Case ID: f-appx_96/html/0472-01.html
Source: Caselaw Access Project
Author: {"author": "", "license": "Public Domain", "url": "https://static.case.law/"}
Date Created: 2024-08-24T03:29:51.129683

Martin Edgar GARCIA-RONQUIO; Lidia Vidana-De-Garcia, Petitioners, v. John ASHCROFT, Attorney General, Respondent.
    No. 02-73068.
    Agency Nos. [ AXX-XXX-XXX ], [ AXX-XXX-XXX ].
    United States Court of Appeals, Ninth Circuit.
    Submitted April 12, 2004.
    
    Decided April 23, 2004.
    J. Jack Artz, South Pasadena, CA, for Petitioners.
    Regional Counsel, Western Region Immigration & Naturalization Service, Laguna Niguel, CA, CAC-District Counsel, Office of the District Counsel, Department of Homeland Security, Los Angeles, CA, Ronald E. LeFevre, Chief Legal Officer, Office of the District Gounsel, Department of Homeland Security, San Francisco, CA, Kurt B. Larson, William C. Minick, U.S. Department of Justice, Civil Div./Office of Immigration Lit., Washington, DC, for Respondent.
    Before HALL, O’SCANNLAIN, and RYMER, Circuit Judges.
    
      
       The panel unanimously finds this case suitable for decision without oral argument. See Fed. R.App. P. 34(a)(2).
    
   MEMORANDUM

Martin Edgar Garcia-Ronquio and his wife, Lidia Vidana-De-Garcia, natives and citizens of Mexico, petition for review of the decision of the Board of Immigration Appeals (“BIA”) summarily affirming an immigration judge’s (“IJ”) denial of their applications for cancellation of removal. We lack jurisdiction to consider discretionary hardship determinations. See Romero-Torres v. Ashcroft, 327 F.3d 887, 892 (9th Cir.2003). We dismiss in part and deny in part the petition for review.

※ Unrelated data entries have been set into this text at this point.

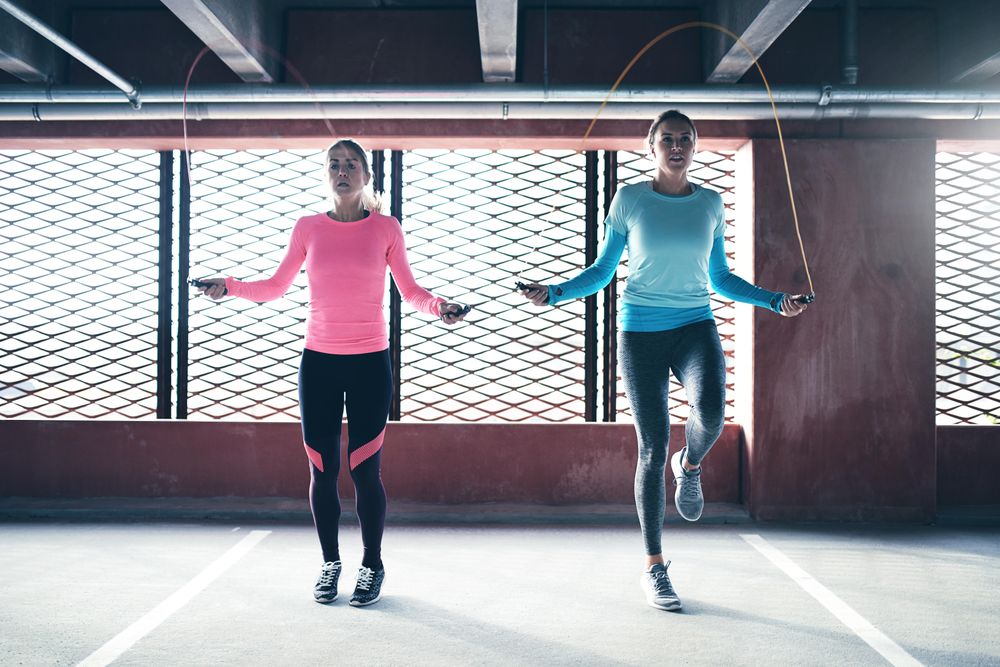 Two woman skipping rope near window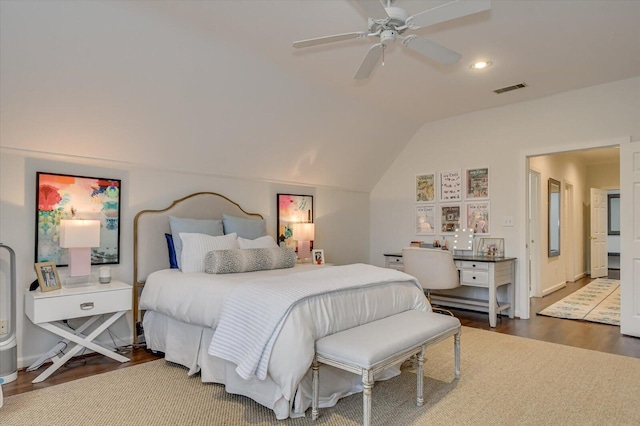 bedroom with visible vents, ceiling fan, vaulted ceiling, recessed lighting, and wood finished floors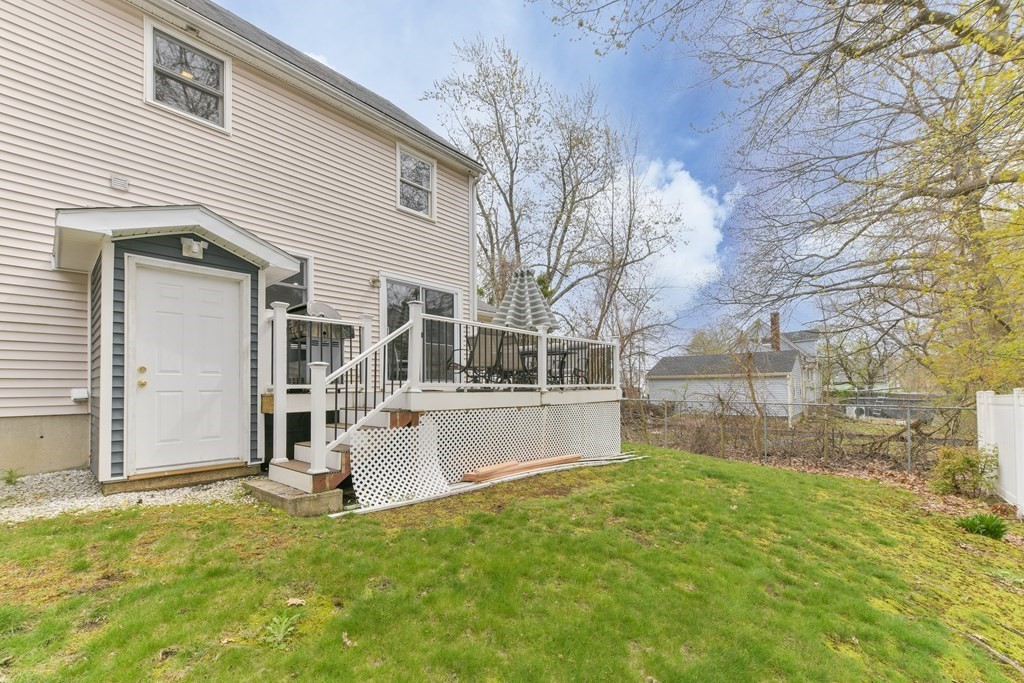 4 Scherig Circle, Unit 4 Methuen, MA 01844 - Photo 11 of 28 a view of a house with a yard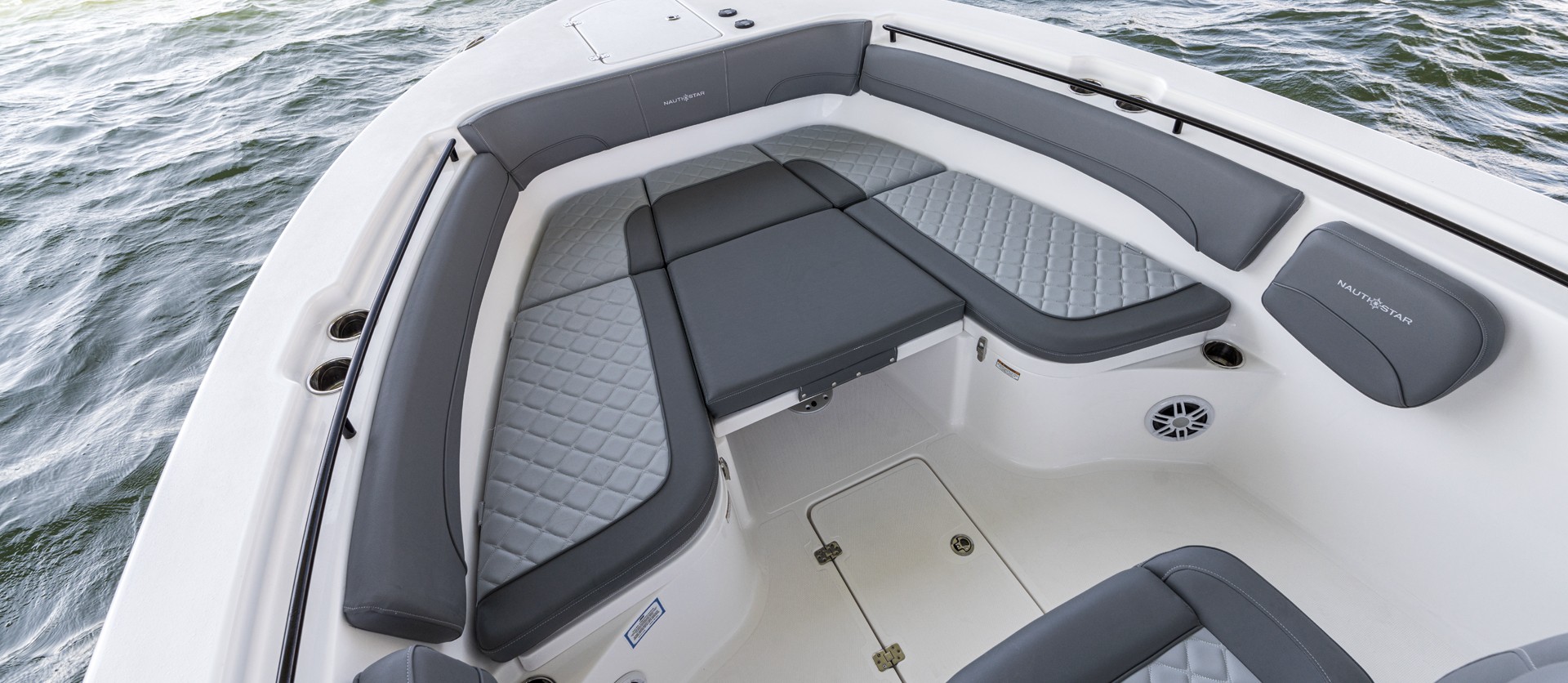 Bow seating with cushions, bolsters, and retractable table quickly transforms into a large casting deck.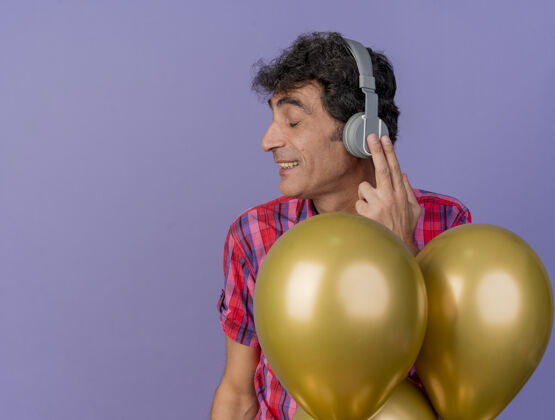 站立微笑的中年白人聚会男子戴着耳机站在气球后面 闭着眼睛触摸耳机 在紫色背景上隔离 留有复印空间触摸紫色派对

We lack jurisdiction to review the IJ’s discretionary hardship determination. See id.

To the extent petitioners contend that the BIA’s streamlined decision was improper because it left open the question of how more recent decisions affect the outcome of their case, this contention is foreclosed by Falcon Carriche v. Ashcroft, 350 F.3d 845, 850 (9th Cir.2003).

We do not consider petitioners’ contention that Garcia-Ronquio is eligible for relief pursuant to the LIFE Act because they failed to exhaust this issue before the BIA. See Arreaza-Cruz v. INS, 39 F.3d 909, 912 (9th Cir.1994).

PETITION FOR REVIEW DISMISSED in part and DENIED in part. 
      
      
         This disposition is not appropriate for publication and may not be cited to or by the courts of this circuit except as provided by Ninth Circuit Rule 36-3.